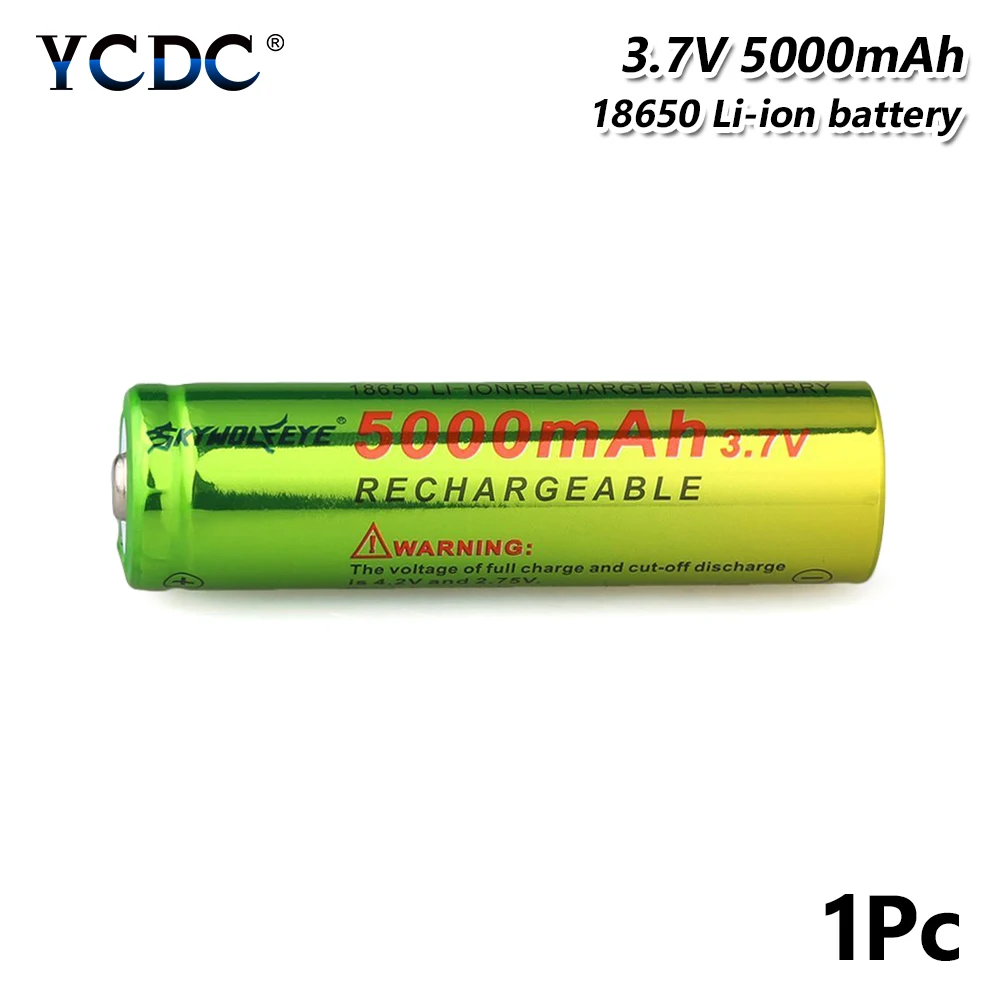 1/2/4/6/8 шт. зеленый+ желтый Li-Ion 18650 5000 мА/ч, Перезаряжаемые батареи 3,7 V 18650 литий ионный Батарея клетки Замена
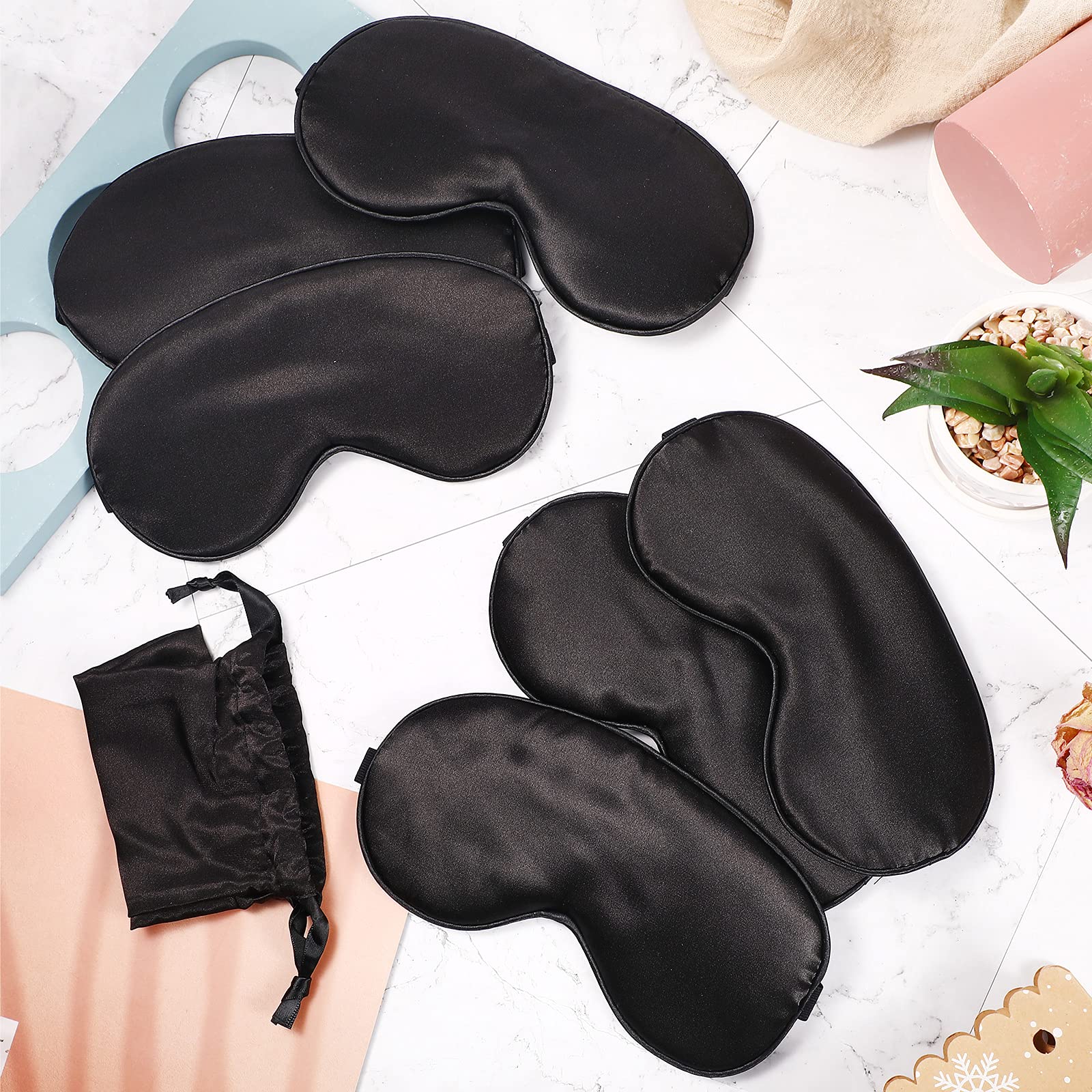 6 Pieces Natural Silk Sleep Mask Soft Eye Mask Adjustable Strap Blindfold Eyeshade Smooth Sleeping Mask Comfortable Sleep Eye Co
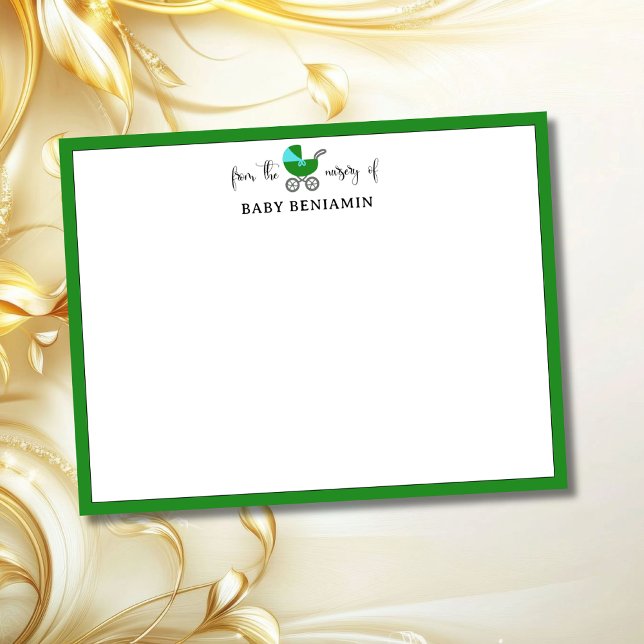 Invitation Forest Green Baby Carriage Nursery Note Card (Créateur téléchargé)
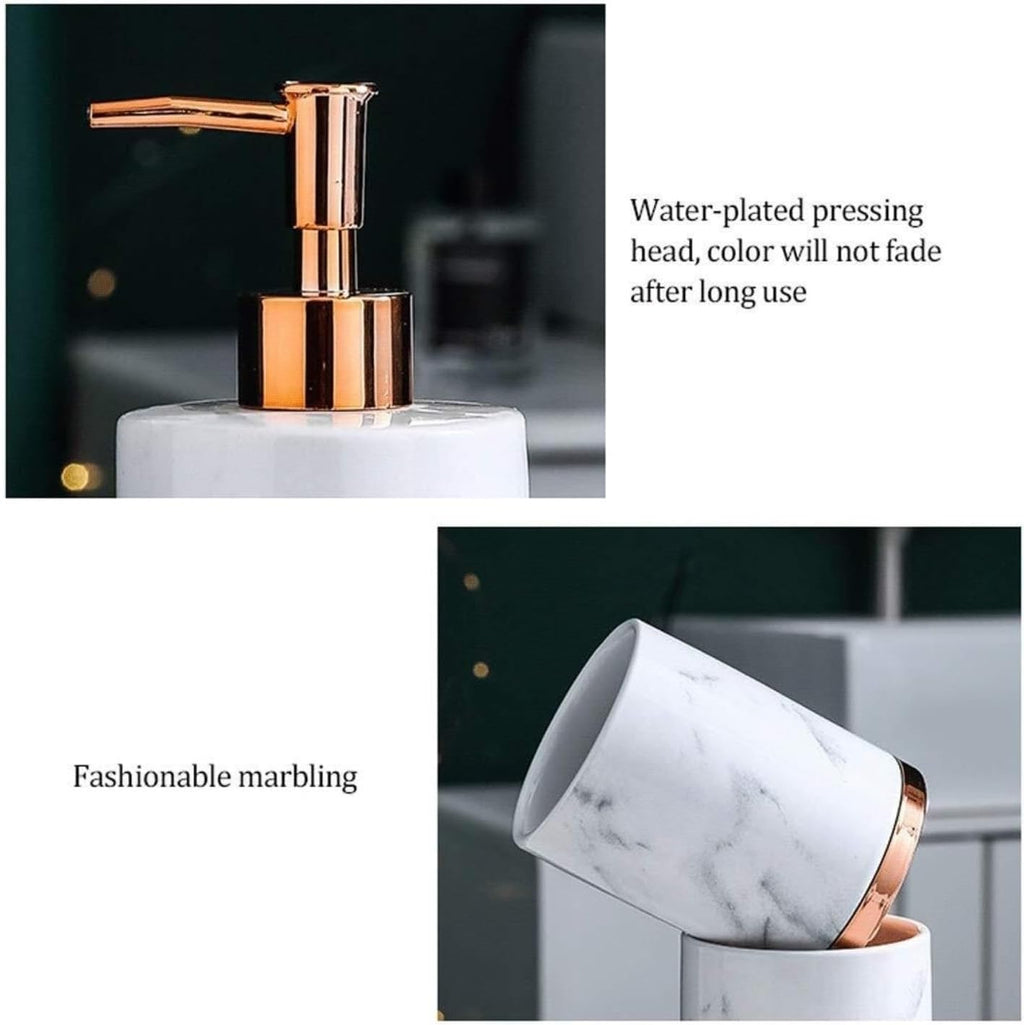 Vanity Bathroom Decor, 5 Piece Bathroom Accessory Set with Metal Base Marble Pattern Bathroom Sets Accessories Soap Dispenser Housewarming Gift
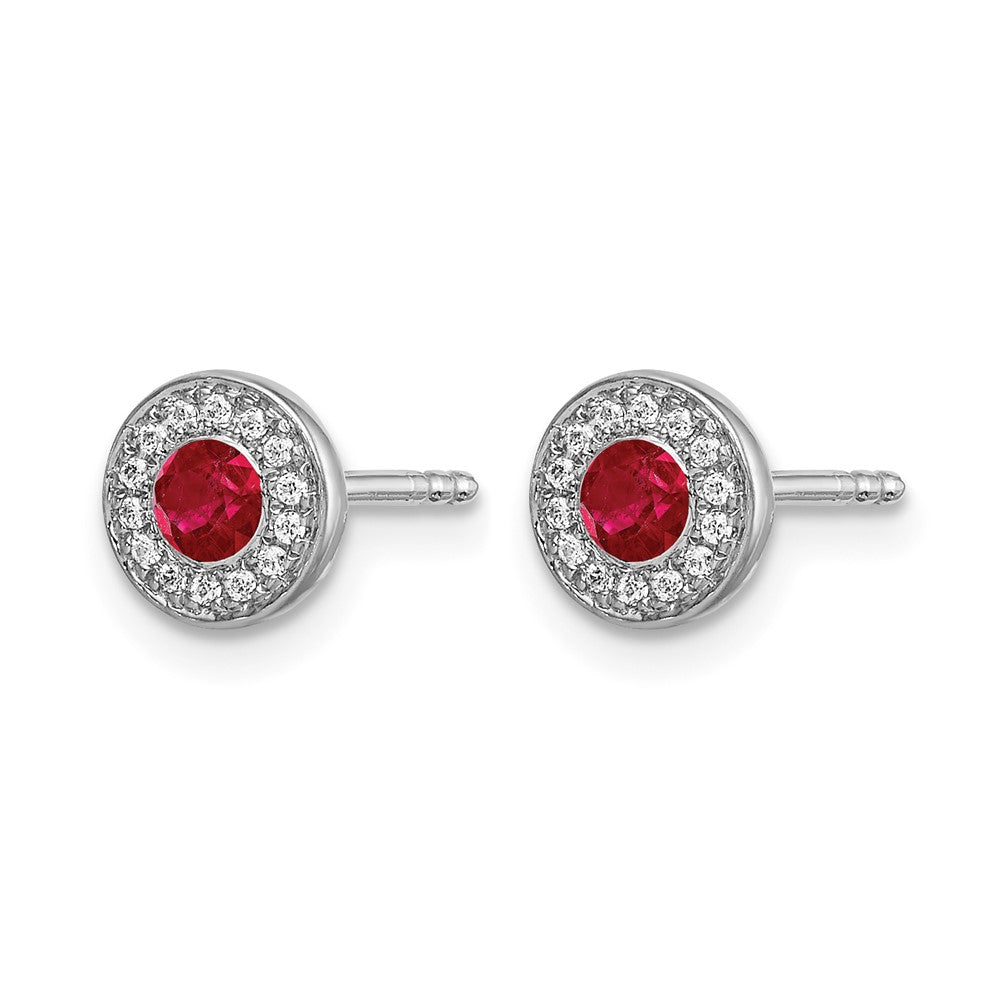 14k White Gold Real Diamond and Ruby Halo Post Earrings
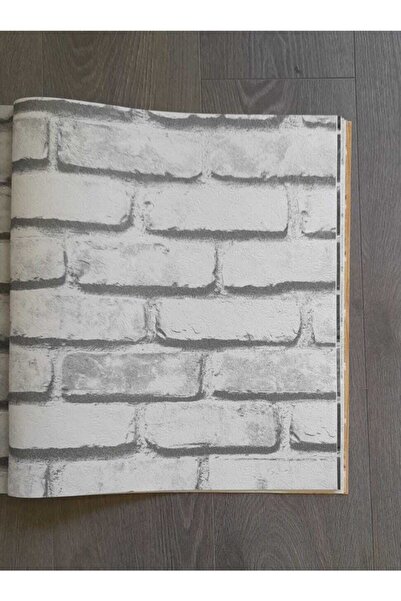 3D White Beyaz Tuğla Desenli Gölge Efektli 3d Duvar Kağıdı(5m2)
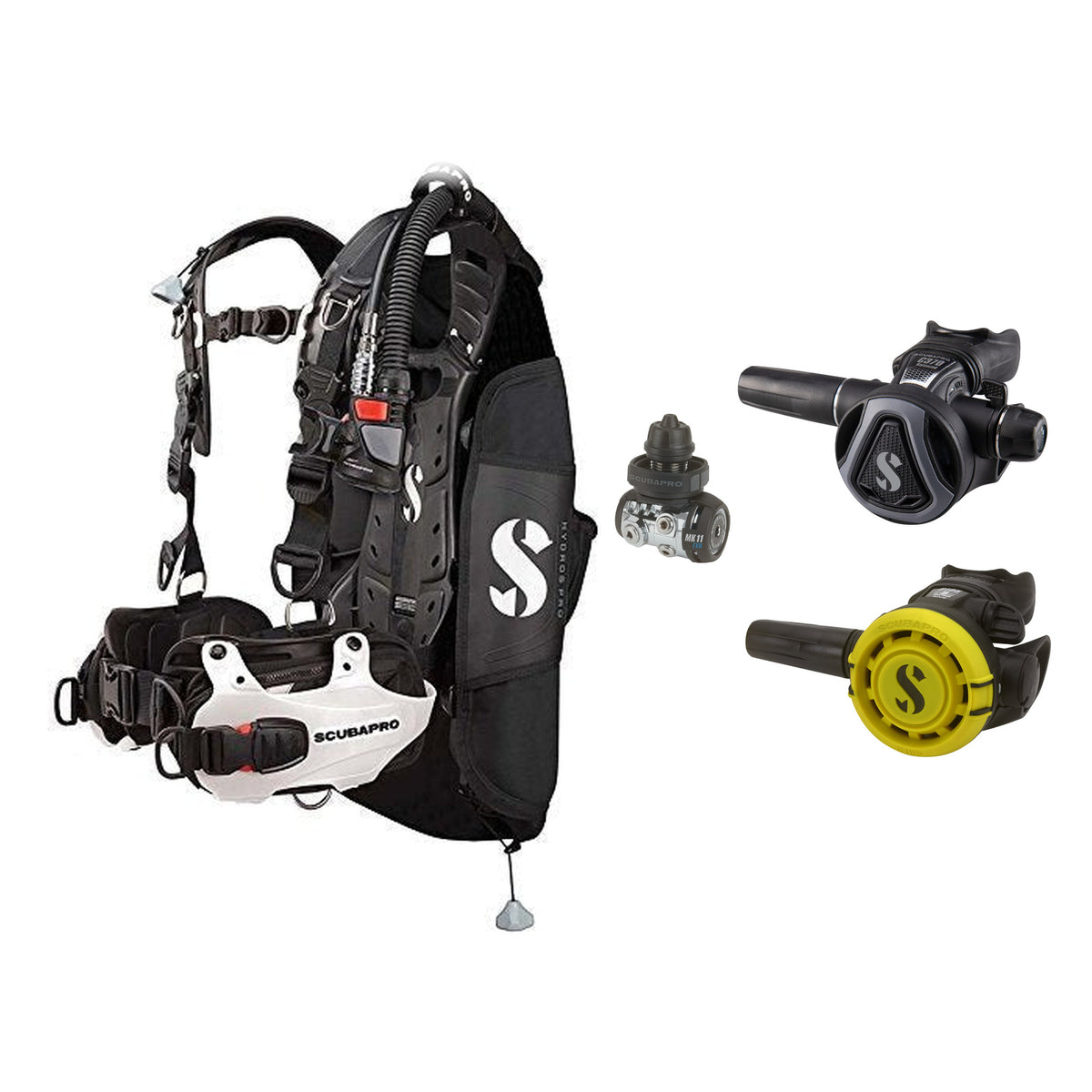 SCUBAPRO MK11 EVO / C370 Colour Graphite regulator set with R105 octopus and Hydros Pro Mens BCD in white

**YOUR TASK**
When you reach a picture, pass over it; write out all other material exactly.

**REPLY TO THE TASK**
 1/2/4/6/8 шт. зеленый+ желтый Li-Ion 18650 5000 мА/ч, Перезаряжаемые батареи 3,7 V 18650 литий ионный Батарея клетки Замена
 6 Pieces Natural Silk Sleep Mask Soft Eye Mask Adjustable Strap Blindfold Eyeshade Smooth Sleeping Mask Comfortable Sleep Eye Co
 Invitation Forest Green Baby Carriage Nursery Note Card (Créateur téléchargé)
 Vanity Bathroom Decor, 5 Piece Bathroom Accessory Set with Metal Base Marble Pattern Bathroom Sets Accessories Soap Dispenser Housewarming Gift
 14k White Gold Real Diamond and Ruby Halo Post Earrings
 3D White Beyaz Tuğla Desenli Gölge Efektli 3d Duvar Kağıdı(5m2)
 SCUBAPRO MK11 EVO / C370 Colour Graphite regulator set with R105 octopus and Hydros Pro Mens BCD in white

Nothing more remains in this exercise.